_Source material_
-*-*-

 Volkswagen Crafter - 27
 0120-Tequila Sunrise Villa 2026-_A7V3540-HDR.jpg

-*-*-

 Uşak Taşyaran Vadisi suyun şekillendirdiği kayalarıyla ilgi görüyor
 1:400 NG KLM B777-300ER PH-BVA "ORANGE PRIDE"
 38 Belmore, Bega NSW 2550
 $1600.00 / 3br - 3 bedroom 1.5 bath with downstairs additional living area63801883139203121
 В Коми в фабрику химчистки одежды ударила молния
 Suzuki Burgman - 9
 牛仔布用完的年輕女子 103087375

-*-*-

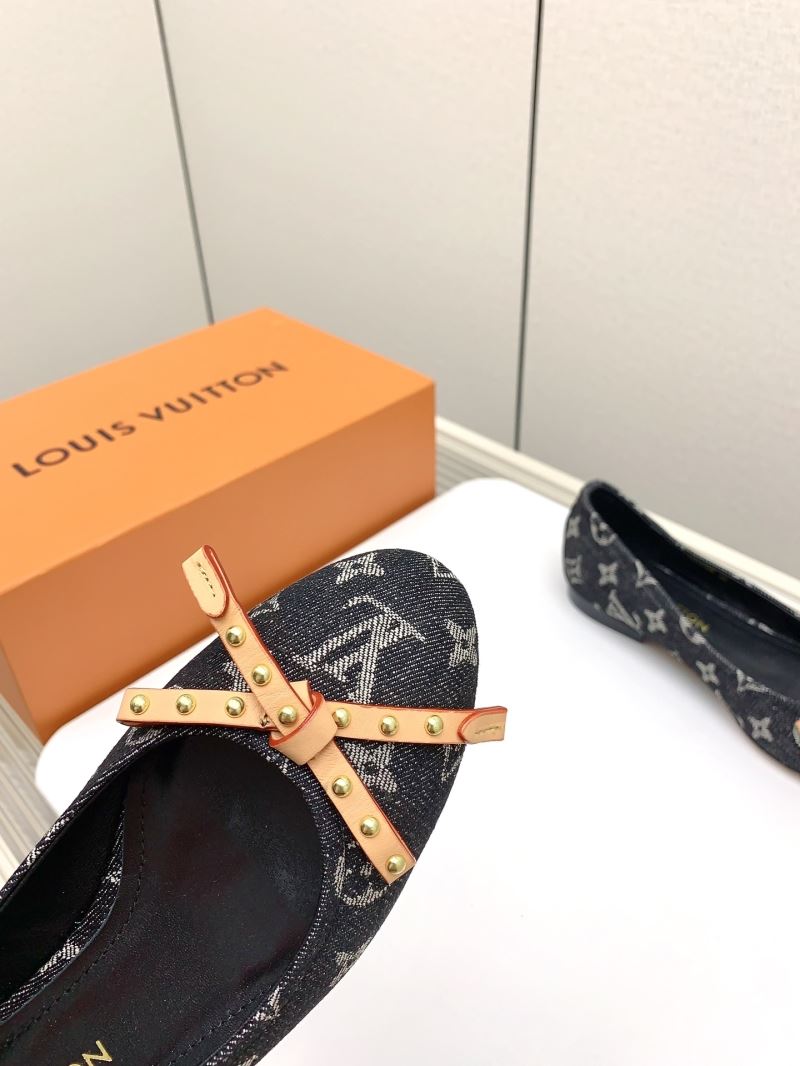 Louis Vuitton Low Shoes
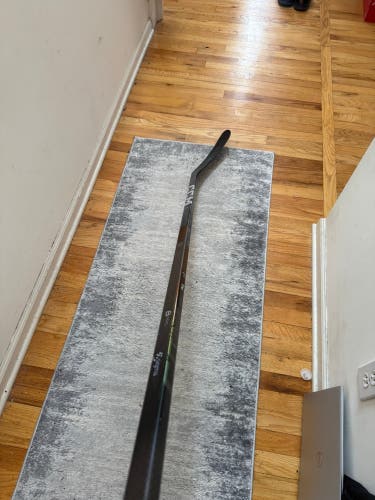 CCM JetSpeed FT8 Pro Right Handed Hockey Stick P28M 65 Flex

-*-*-

_Task item_
Using the data above, reproduce exactly the lines from the line that contains "additional living area63801883139203121" through the line that contains "牛仔布用完的年輕女子 103087375", including both.

_Answer space_
 $1600.00 / 3br - 3 bedroom 1.5 bath with downstairs additional living area63801883139203121
 В Коми в фабрику химчистки одежды ударила молния
 Suzuki Burgman - 9
 牛仔布用完的年輕女子 103087375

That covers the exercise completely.